Today’s Gospel | Matthew 16:13-19
When Jesus went into the region of Caesarea Philippi he asked his disciples, “Who do people say that the Son of Man is?” They replied, “Some say John the Baptist, others Elijah, still others Jeremiah or one of the prophets.” He said to them, “But who do you say that I am?” Simon Peter said in reply, “You are the Christ, the Son of the living God.” Jesus said to him in reply, “Blessed are you, Simon son of Jonah. For flesh and blood has not revealed this to you, but my heavenly Father. And so I say to you, you are Peter, and upon this rock I will build my Church, and the gates of the netherworld shall not prevail against it. I will give you the keys to the Kingdom of heaven. Whatever you bind on earth shall be bound in heaven; and whatever you loose on earth shall be loosed in heaven.”
A Lenten Reflection
It might be argued that today we are living in especially selfish times. It is not necessarily that people are any more inclined to selfishness than in the past, but that today there is greater opportunity, even permission, for it. There is so much available to obsessively covet, from material possessions to social luxury to personal convenience. An even darker side is that of isolation and tribalism. Modern wealth and technology make possible, if not likely, for us to retreat into economic, political, and cultural enclaves.

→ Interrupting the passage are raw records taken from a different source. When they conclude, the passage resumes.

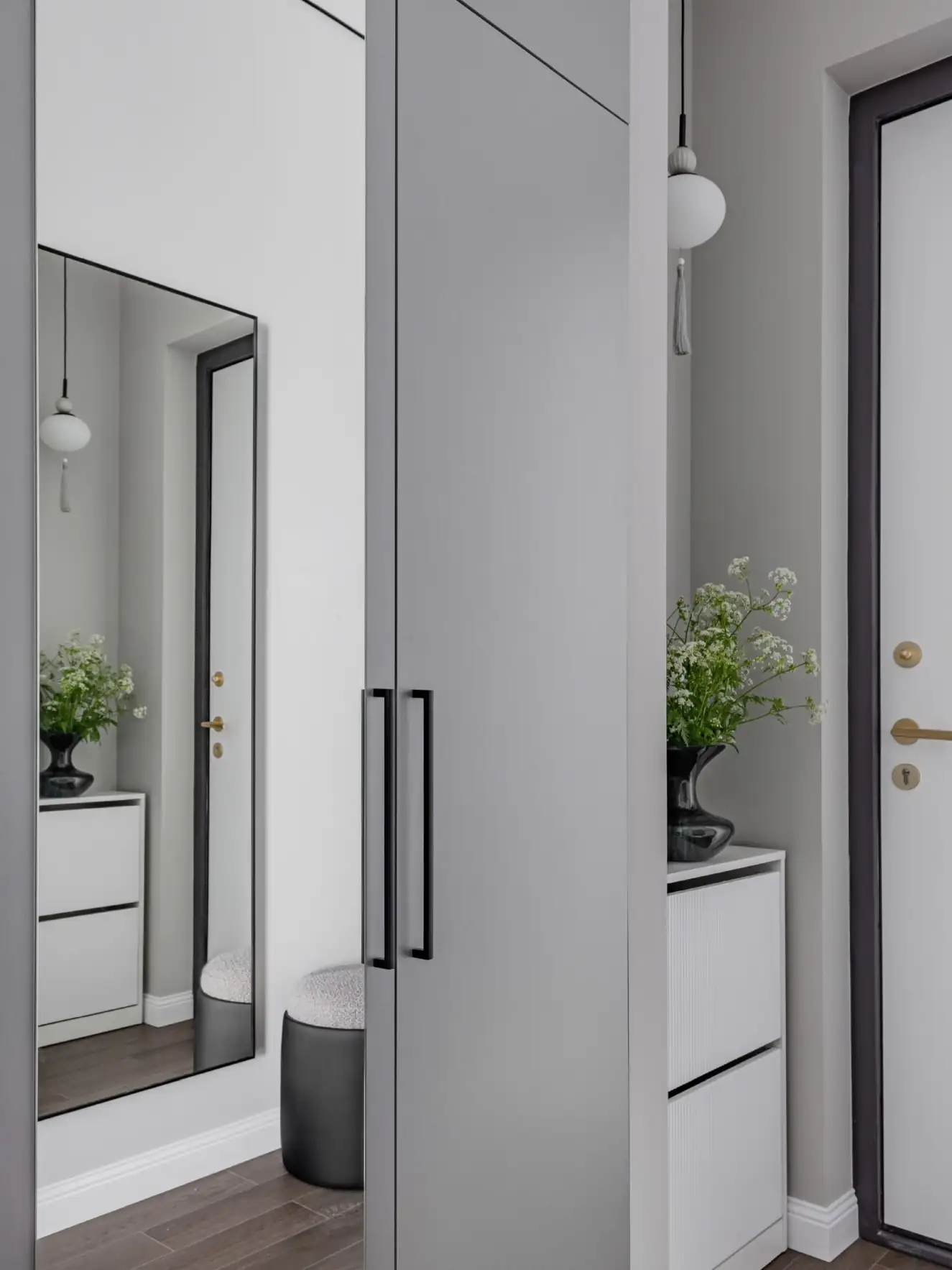 Neoklasszikus stílus, semleges színvilág 41 m2-es lakásban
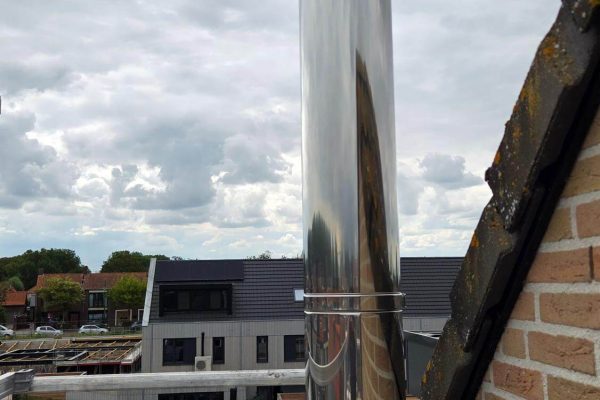dubbelwandig-rookkanaal-en-houtkachel-aansluiten-klundert-3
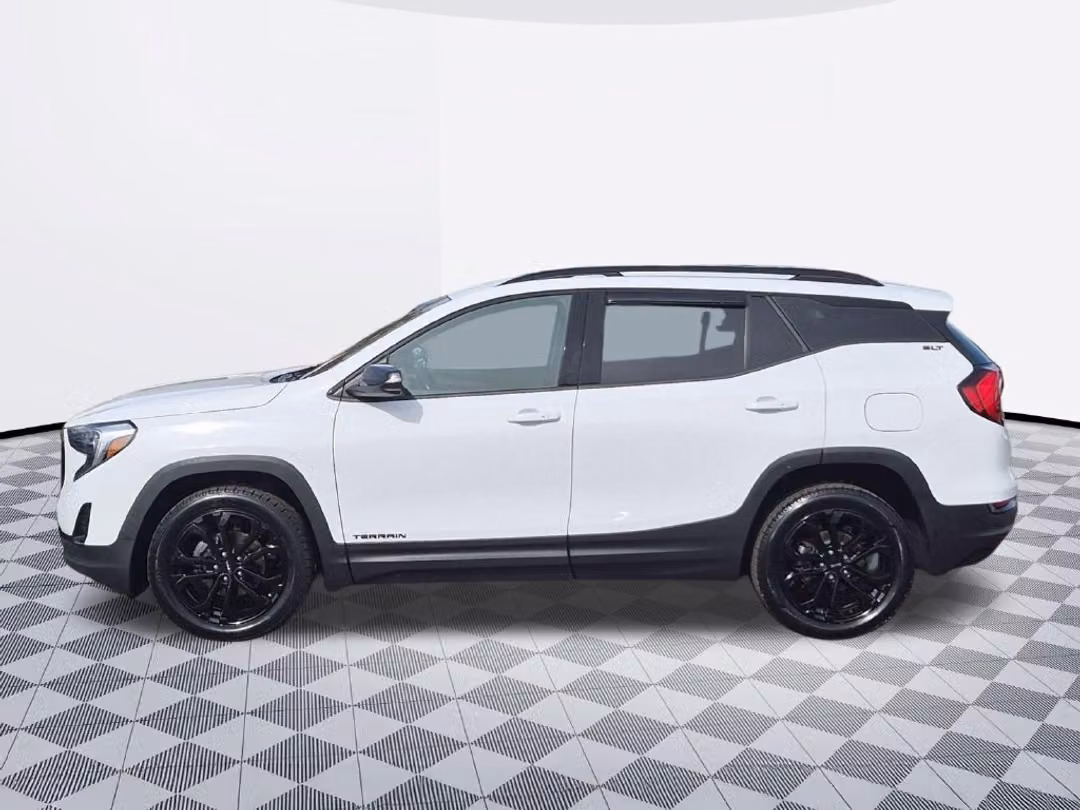 2020 GMC Terrain SLT - Image 3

As we interact and cooperate less with others, we view one another with increasing mistrust and prejudice.
Jesus often spoke to his followers about not hesitating to bring their needs to their Father. He exhorted them to ask for good gifts, offering as examples the things that they would freely give to their own children. In other words, we learn about God’s grace in what we do with and for one another. In our interdependence, having allows for giving, and lacking allows for receiving. It is here where we experience the meaning of both gift and need, of serving and being served, and their place at the core of what it is to be made in the image and likeness of God.
In his book, Voice of Reason, author Bryant McGill wrote, “The greatest joys in life are found not only in what we do and feel, but also in our quiet hopes and labors for others.” The Lenten spirit of self-sacrifice is rooted in the reality that we all are agents of each another’s wholeness and partners in one another’s salvation. God calls us to forgo the trap of living only within and for ourselves, and to embrace his call to be fully human.
Eternal Father, your son gave himself as an offering for those crying out for deliverance from the pain of life. In this time of Lent, we pray that we will have the courage to follow him, to help bring your wholeness to the brokenness in our world. Make us strong for any of our sisters and brothers that we might be able to serve. May we turn away from the sin that hardens our hearts to them and embrace the compassion that empowers us to live as your children. We ask this of you who lives and reigns with your Son and the Holy Spirit, one God forever and ever. Amen.